Department of Analytical Chemistry and Organic Chemistry, Rovira i Virgili University, 43007 Tarragona, Spain.
Talanta. 2009 Nov 15;80(1):321-8. doi: 10.1016/j.talanta.2009.06.072. Epub 2009 Jul 7.
Microarrays are used to simultaneously determine the expressions of thousands of genes. An important application of microarrays is in the classification of samples into classes of interest (e.g. either healthy cells or tumour cells). Discriminant partial least squares (DPLS) has often been used for this purpose. In this paper, we describe an improvement to DPLS that uses kernel-based probability density functions and the Bayes rule to classify samples whilst keeping the option of not classifying the sample if this cannot be done with sufficient confidence. With this approach, those samples outside the boundaries of the known classes or from the ambiguity region between classes are rejected and only samples with a high probability of being correctly classified are indeed classified. The optimal model is found by simultaneously minimizing the misclassification and rejection costs. The method (p-DPLS with reject option) was tested with two datasets. For the human cancers dataset the accuracy (obtained by leave-one-out cross-validation) was improved from 97% to 99% when compared to p-DPLS without reject option. For the breast cancer dataset, p-DPLS with reject option was able to reject 100% of the test samples that did not belong to any of the modelled classes. These samples would have been misclassified if the reject option had not been considered.
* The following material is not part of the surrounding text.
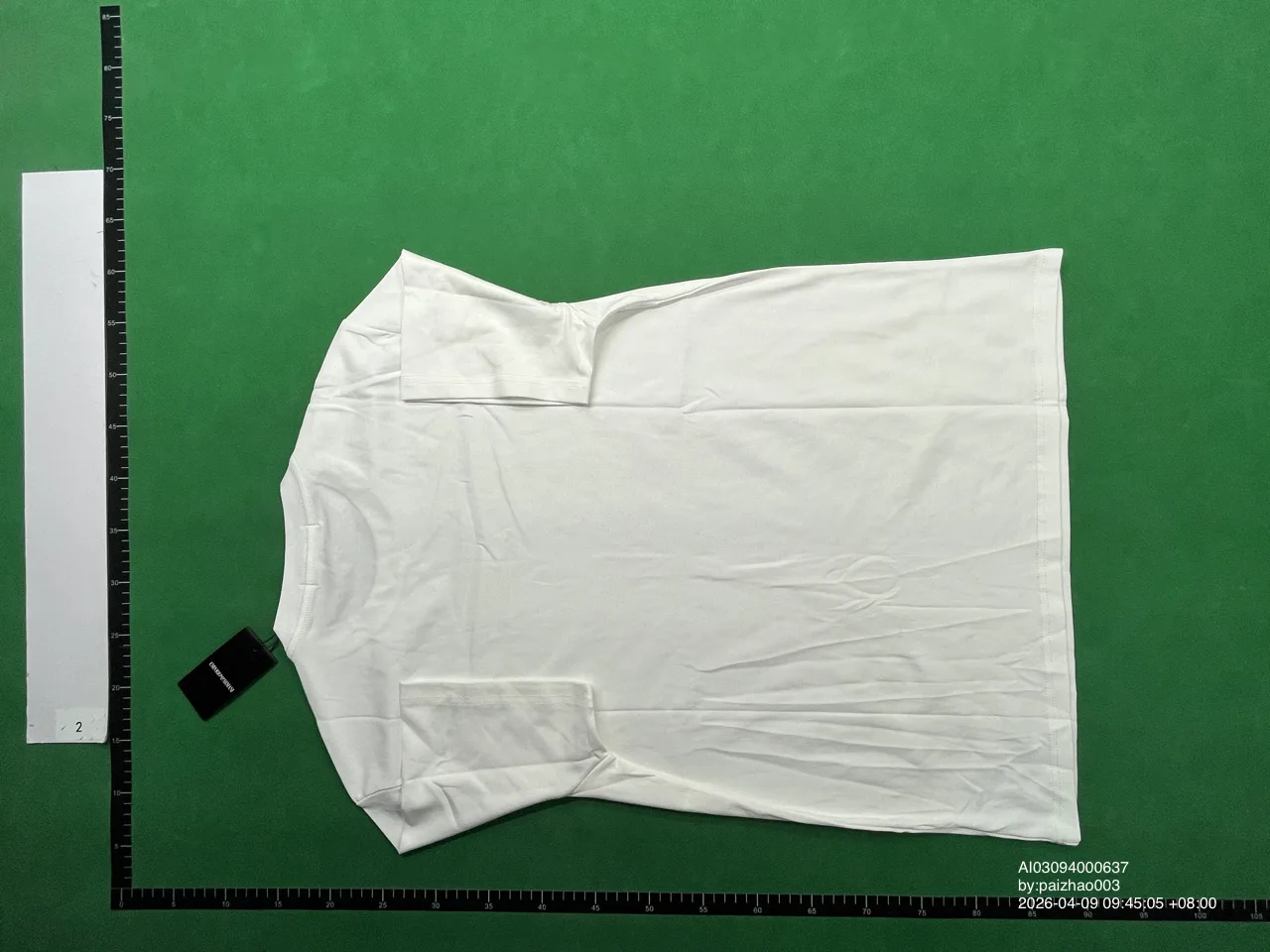 Foto QC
微阵列被用于同时测定数千个基因的表达。微阵列的一个重要应用是将样本分类到感兴趣的类别中(例如,健康细胞或肿瘤细胞)。判别偏最小二乘法(DPLS)经常被用于此目的。在本文中,我们描述了一种对 DPLS 的改进,该改进使用基于核的概率密度函数和贝叶斯规则对样本进行分类,同时保留了如果没有足够的置信度就不进行分类的选项。通过这种方法,那些位于已知类别边界之外或类别之间的模糊区域之外的样本将被拒绝,只有那些具有高概率被正确分类的样本才会被真正分类。通过同时最小化误分类和拒绝成本来找到最优模型。该方法(带拒绝选项的 p-DPLS)使用两个数据集进行了测试。对于人类癌症数据集,与不带拒绝选项的 p-DPLS 相比,通过留一法交叉验证获得的准确性从 97%提高到了 99%。对于乳腺癌数据集,带拒绝选项的 p-DPLS 能够拒绝属于任何已建模类别之外的测试样本的 100%。如果不考虑拒绝选项,这些样本将被错误分类。